Okay lets get started. For now this is what
you will need for the basic construction.

**Safety First**
Tools Needed:
Tape Measure
Saw
Hole Saw
Drill & Bits
Sander
Jigsaw
Square
Dowel Jig
Clamps
Router

Materials Needed:
4 Sheet of 3/4 plywood A/C type (Sanded on
one side)
12 Cap Bolts, washers, and wing nuts
Epoxy Glue for Cap Bolts
Dowels
Wood Glue
Wood Screws
Wood Filler
And this is how we are going to build it.
First thing that needs to be done is find the center point for the arcs. I decided to use the
whole sheet of plywood for my table (4' x 8') so to find the center of the arc measure 24” across
the end, then measure 24” up each side. Then use the square to mark where the center is. Drill a
hole for a nail; drill it instead of beating the nail in with a hammer.

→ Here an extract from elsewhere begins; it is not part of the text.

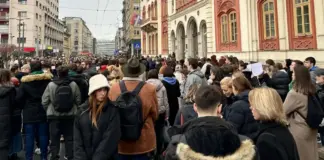 Protesta kundër autoritarizmit në Serbi, sondazhet: Vuçiç mund t’i humbasë zgjedhjet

The square I use is made out of wood so I
laid it out for every arc I will need to make,
drilled the holes big enough for a pencil to
fit put a nail in the hole I drilled into the
plywood (center point) and made my first
mark at 24''. This needs to be done to one
other sheet of plywood.
Then cut both of the sheets of plywood. Not
at the same time. Save the cut-offs we will
use them to build up the height of the table.
Set one of the sheets of plywood aside. I
used my square again to draw a 4'' ring
around the arc (20'' from the center hole)

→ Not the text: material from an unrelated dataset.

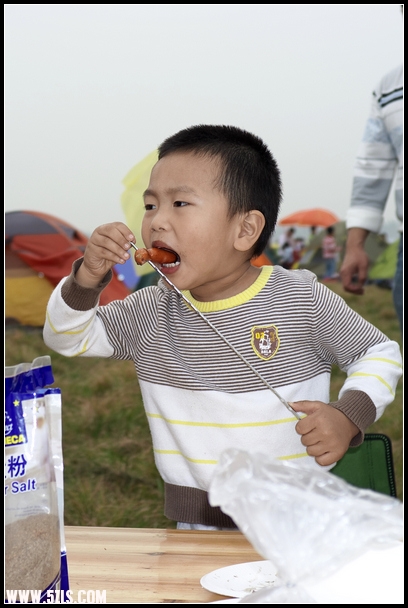 再吃上烤的火腿肠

and a straightedge for the long sides, then I
used my saw with a fence on it to cut the
long sides and the jig saw to cut the arc, the
cut offs are good to clamp in place so the
ring doesn't fall through when cutting. This
sheet of plywood is the top piece of the rail
and the base of the table. Before setting this
aside to cut the next sheet of plywood put a
mark on both pieces so you know how to
put it back together.
With the other
sheet of plywood,
lay it out for the
racetrack and felt
part of the table.
The
measurements
you lay out are
12'' (center felt
piece), 16'' (center
line for the cup
holders) and 22''
(This is the other
half of the rail)
Next pulled a tape and
make marks at 19 1/4'',
38 1/2'', 57 1/2''and 76
3/4'' lay the tape near
the 16'' line then take
the square, where the
marks intersect with
the 16'' line is the
center of the cup
holders. For the end
cup holders 24'' is the
center mark for those.
Cut out the 2'' ring first, the same way you cut the 4'' ring, saw with the fence first, clamp
off with the cut offs so it doesn't fall through and the jig saw to cut the arcs.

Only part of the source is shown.